Loneliness isn't always a question of social isolation and the way out isn't necessarily through other people. In a recent article, Diana Villegas explained how she felt, "Someone can be there next to you, but you don’t feel you’re actually with them, you don’t feel any connection. You feel lonely, and guilty because you feel lonely, and very unsure about where you stand. I felt an immense insecurity in myself, in my relationship, in what I should be doing with my life.” At first, she panicked. “I was fed this idea that everything’s going to be fine once you find someone who understands you, and you’ll never be lonely again. But that is such an unrealistic expectation. In my past partnerships, I went along with this idea; if I hadn’t made a change in my thinking in this relationship, I would have continued making this mistake over and over again.

Then they started communicating, and started to see each other’s point of view. Diana realised they had completely different expectations: she was used to communicating with family, friends and past partners frequently throughout the day, while he was not. “There are no right or wrong communication expectations, so the first step for us was to find common ground. How often did I expect to talk? How would this take place? Who would initiate it? What came afterwards was a lot of trying, adjusting and learning how to be respectful towards different points of view.” He learned to share his problems with her instead of bottling them up; she learned to give him space; they agreed to check in with each other at the end of every day to talk about how they were feeling. She has also started going to the gym regularly to let off steam, and has joined social groups to make friends. “It’s important to find other ways to deal with loneliness and accept that just because you feel like that, it doesn’t mean your partner is at fault. It’s normal to feel lonely sometimes,” she says. The full article can be read here.

The best way to stop feeling lonely in your relationship in the long term is to examine your thoughts about it. We often think that someone loving us will get rid of our loneliness. But this isn't true.

You may be feeling lonely for one or several of these reasons:

  • Your partner isn’t spending enough intimate time with you.

  • Your partner is less caring than you.

  • Your partner is less committed than you.

  • Your partner isn’t paying enough attention to you.

  • Your partner doesn’t show gratitude for what you do.

  • Your conversations are purely transactional and have no depth.

  • Your partner doesn’t care about the same things you care about.

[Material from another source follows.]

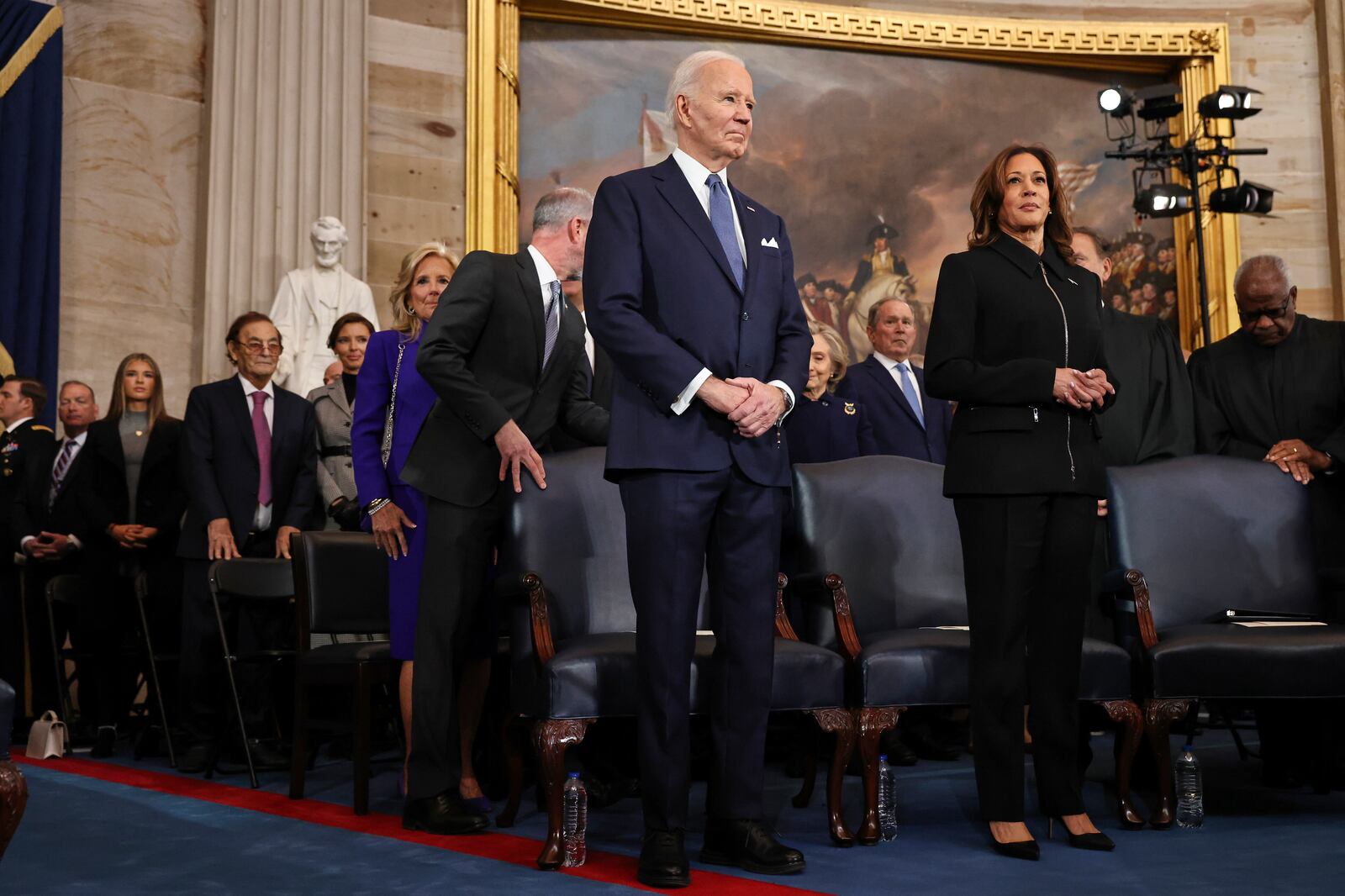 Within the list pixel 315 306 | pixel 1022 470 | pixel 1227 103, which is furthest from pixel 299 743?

All of the above reasons for feeling lonely point to the other person and are nothing to do with your own thoughts. We often think that someone loving us will get rid of our loneliness. But this isn’t always true. The best way to stop feeling lonely in your relationship in the long term, is to examine your thoughts about it.

5 Tips to stop feeling lonely in a relationship:

  1. Talk to your partner. Communication is key - tell them how you feel. Relationships that have open and consistent communication often have fewer issues.

  2. Don't isolate yourself. If you’re feeling alone in your relationship, resist the temptation to hibernate in yourself, and your secluded routine. If all you really want to do is curl up with a book or watch a movie, don’t. Get out of the house, and be around other people.

  3. Keep busy. If you’re feeling lonely and all you really want to do is nothing, make the effort to get busy. Sign yourself up for a new class, take on a new project at work, or volunteer for a local charity. If you’re busy, it’s easier to forget that you were feeling lonely and it’s also rewarding when you accomplish something new.

  4. Meet new people. New friendships can often stimulate inspiration and motivation in our lives. Human relationships are an essential part of life, and if you can meet people that share your interests, it will do a lot of good to overcome your loneliness.

  5. Be nice to yourself. Just because you’re feeling lonely in your relationship and experiencing some challenges in your life, doesn’t mean you need to be hard on yourself. We all go through rough patches, and you need to remember to be kind to yourself.